**Task objective**:
Copy exactly the lines of the records below, and only those lines, beginning with the line that contains "Orologio swatch irony" and ending with the line that contains "더마이드 4.0 컬링 크림 프로테인 퀀치 상세 이미지".

**Information supplied**:
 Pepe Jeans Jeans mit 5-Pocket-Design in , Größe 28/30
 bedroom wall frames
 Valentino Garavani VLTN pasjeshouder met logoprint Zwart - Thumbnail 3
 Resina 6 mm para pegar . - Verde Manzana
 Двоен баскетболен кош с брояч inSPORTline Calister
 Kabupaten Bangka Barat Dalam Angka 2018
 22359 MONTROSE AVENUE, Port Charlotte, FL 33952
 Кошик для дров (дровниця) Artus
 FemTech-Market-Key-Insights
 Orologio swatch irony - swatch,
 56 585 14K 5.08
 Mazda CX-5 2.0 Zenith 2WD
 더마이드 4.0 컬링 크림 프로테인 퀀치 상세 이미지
...
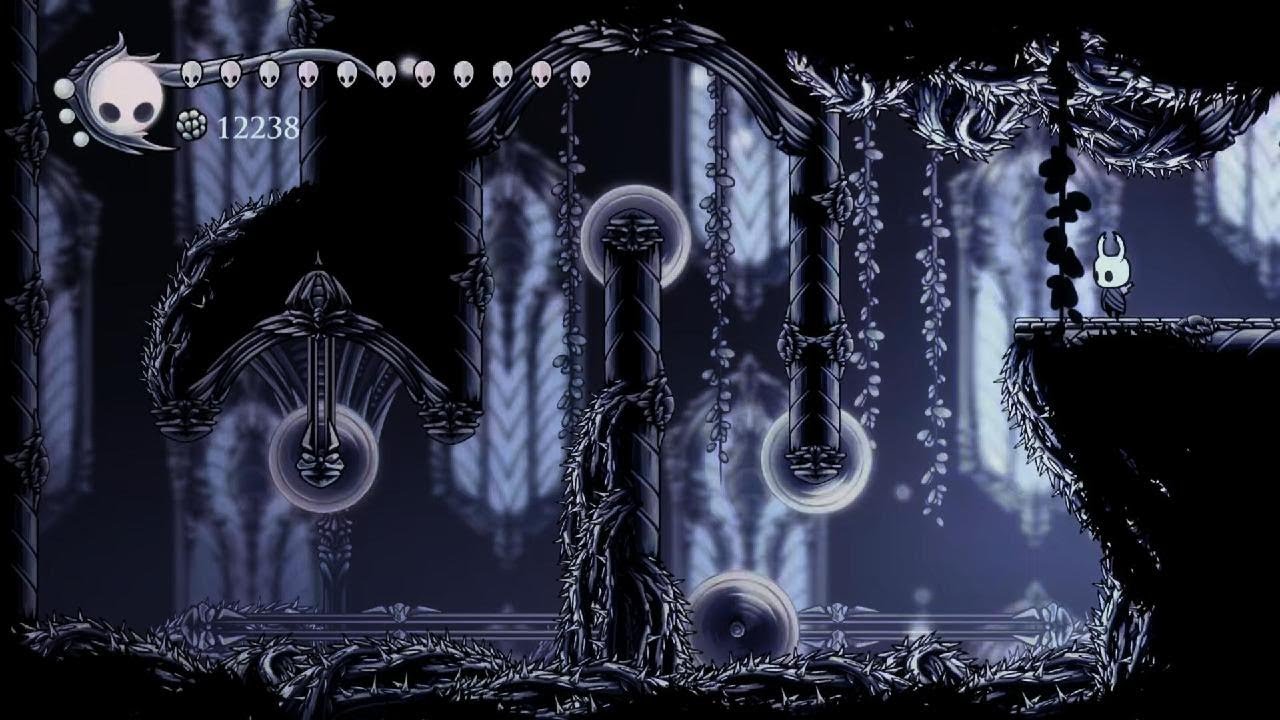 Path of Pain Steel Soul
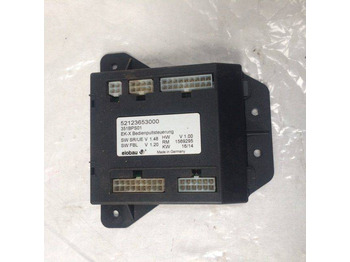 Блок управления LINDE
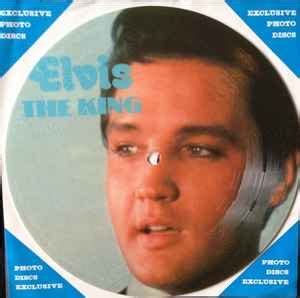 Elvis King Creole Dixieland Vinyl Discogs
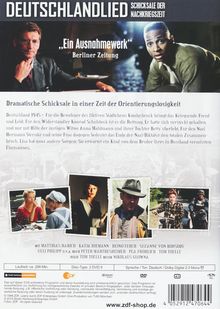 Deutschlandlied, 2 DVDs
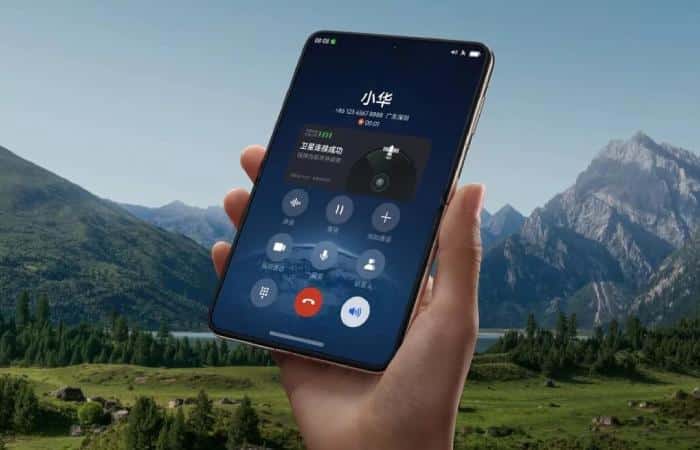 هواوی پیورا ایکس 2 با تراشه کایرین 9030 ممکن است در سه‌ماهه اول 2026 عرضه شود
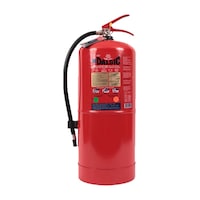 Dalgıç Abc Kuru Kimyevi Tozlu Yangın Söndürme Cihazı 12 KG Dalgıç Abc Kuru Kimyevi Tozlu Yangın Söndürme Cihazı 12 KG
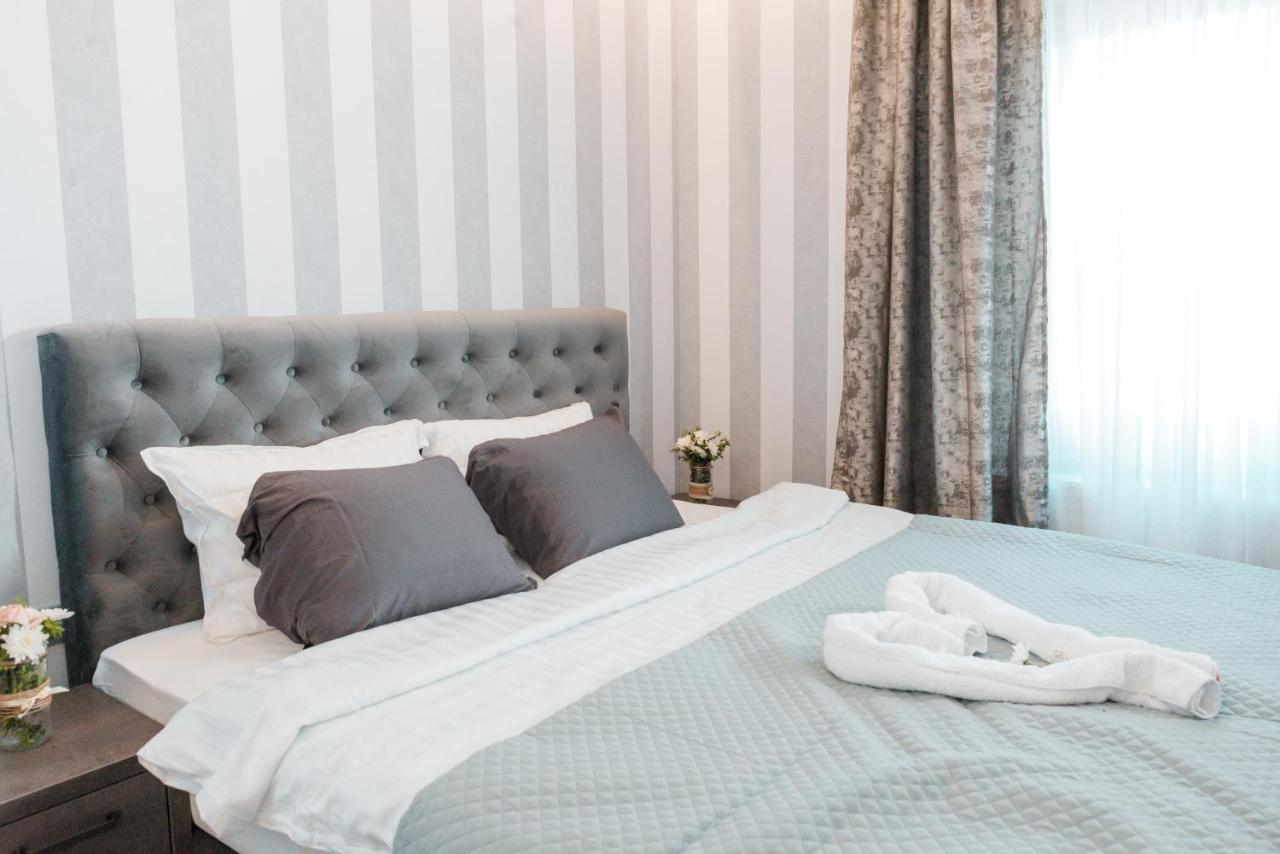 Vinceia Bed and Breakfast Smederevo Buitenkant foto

**Exercise output**:
 Orologio swatch irony - swatch,
 56 585 14K 5.08
 Mazda CX-5 2.0 Zenith 2WD
 더마이드 4.0 컬링 크림 프로테인 퀀치 상세 이미지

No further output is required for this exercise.